Thursday, October 28, 2010

Lord Black on the drug war

Lord Black has an interesting piece at NRO. I recently attended a luncheon of the Conservative Business network in Montreal with HM Minister of Justice Rob Nicholson (who I have know for many years). It was a lot of fun and there wer many of my friends in attendance. HM Minister made some remarks on our tough on crime agaenda, which I generally support. After his speech I asked HM Minister about decriminalizing small amounts of drugs and increasing rehab beds like in Portugal. I said that jailing addicts serves very little purpose. He agreed with that and said that there are already drug courts that divert users from jail to rehab. He also said HM Government would still go after grow ops and dealers. At this point , I actually support the Portuguese law and would decriminalize up to 6 days worth of all drugs, but encourage rehab!

It is indicative of the failure of the current election to deal with real issues, apart from unease about deficits and curiosity about the endless military effort in the Near East, that, once again, almost nothing is asked or uttered about the proverbial War on Drugs, even as the virtual civil war it has caused in Mexico is amply publicized. Almost everyone agrees that hard drugs are a criminal problem, even if there is disagreement about how to fight them and dissatisfaction with the progress to date in doing so. But marijuana, cannabis, is an astonishing story of the hideously expensive and protracted failure of official policy.
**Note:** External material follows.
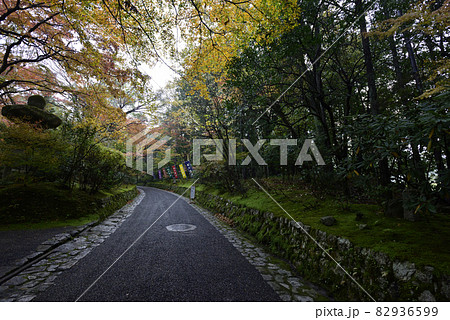 赤山禅院 紅葉の写真素材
There was a an increase of 600 percent in the federal drug-control budget, from $1.5 billion to $18 billion, between 1981 and 2002, and it is almost certainly now over $25 billion, and yet cannabis as an industry is an almost perfect illustration of the unstoppable force of supply-side economics. Between 1990 and 2007, there was a 420 percent increase in cannabis seizures by drug-control authorities, to about 140,000 tons; a 150 percent increase in annual cannabis-related arrests, to about 900,000 people; a 145 percent increase in average potency of seized cannabis (delta-9-tetrahydrocannabinol content); and a 58 percent decline, inflation-adjusted, in the retail price of cannabis throughout the United States.

1 comment:

Anonymous said...

Not until the American government changes its "War on Drugs" policy will anything change for the better.